A while ago I asked about a carbon fiber blank for an Electra pen. Got the results I was looking for.  But the cost was not what I was looking for. (Shipping cost. The blank cost was fine)

http://www.penturners.org/forum/f156/carbon-fiber-electra-blank-115826/

  After realizing the shipping will be to mush, I decided to cast my own.

  That proofed to be trickier than what I expected. I have done other casting. Ended up with 3 others blanks with bubbles that cannot be used. This one was on order so the extra castings is cutting into my bottom line.:frown:


----------



## SteveG (Nov 18, 2013)

That is the cost of training, or experience. That is the reality, and now you have yet another skill along the way to becoming a "Master", or at least really good at this craft.
Steve


----------



## OZturner (Nov 18, 2013)

Hi Isak, like the look of the pen, the Blank looks great.
Is it possible to see the Pen with the Cap on, so to fully appreciate how it looks in total?
Congratulations,
Brian


----------



## Si90 (Nov 18, 2013)

Pen looks really nice.

I had the same problems with loads of bubbles in my first cast appearing from the CF as soon as I poured the resin, but have since solved the problem. I assume you are using CF sleeve that you glue to the tube, if not then ignore the following.

I slide the sleeve onto the tube then tie up the ends with string. I then flood the CF with thin CA all round the tube, in some cases 2 or 3 times ensuring the whole blank is covered. Hang it up and let it dry overnight. At this point the blank will look pretty ropey.

I use fine wet and dry on the blank with plenty of water until its's almost smooth and then give it a really good wash to clean out any dust. This gets rid of all the high spots and the stray CF fibres. It will look matt but once cast it will get the "wet" look again.

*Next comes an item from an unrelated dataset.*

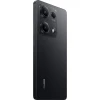 Смартфон Xiaomi Redmi Note 14S 8GB/256GB NFC Black Смартфон Xiaomi Redmi Note 14S 8GB/256GB NFC Black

Since doing this I haven't had any issues with bubbles coming from the CF.


----------



## SSobel (Nov 19, 2013)

Where are you buying your CF from?


----------



## Falcon1220 (Nov 19, 2013)

http://www.sollercomposites.com,carbon fiber,carbon fiber sleeve,Kevlar sleeve, fiberglass sleeves,carbon fiber fabric,epoxy,west system epoxy,nitrile,gloves,nitrile gloves,aramid,fiberglass,kevlar,tape,biaxial tape, biaxial sleeve


----------



## Falcon1220 (Nov 19, 2013)

Brian, I will get a photo soon.
Simon, thanks, I will try that


----------



## Fordwakeman (Nov 19, 2013)

what size are you buying to do pens with?


----------



## StuartCovey (Nov 20, 2013)

That is a very cool pen!


----------



## SDB777 (Nov 20, 2013)

We seem to figure out things the same way, by refusing to pay for something that we can spend a lot more money to make(recently discovered the world of stabilizing)!  Way to go!!!



Scott (they get easier to make) B


----------



## Falcon1220 (Nov 20, 2013)

Fordwakeman said:


> what size are you buying to do pens with?



Used the .5" sleeve. Worked fine.


----------



## Falcon1220 (Nov 20, 2013)

OZturner said:


> Is it possible to see the Pen with the Cap on, so to fully appreciate how it looks in total?
> Congratulations,
> Brian



As requested


----------



## OZturner (Nov 27, 2013)

Falcon1220 said:


> OZturner said:
> 
> 
> > Is it possible to see the Pen with the Cap on, so to fully appreciate how it looks in total?
> ...


  Thanks Isak,
That really makes the Pen Shine.
I love it, a great choice of matching pen to Blank.
Congratulations, and thanks again.
Brian.


----------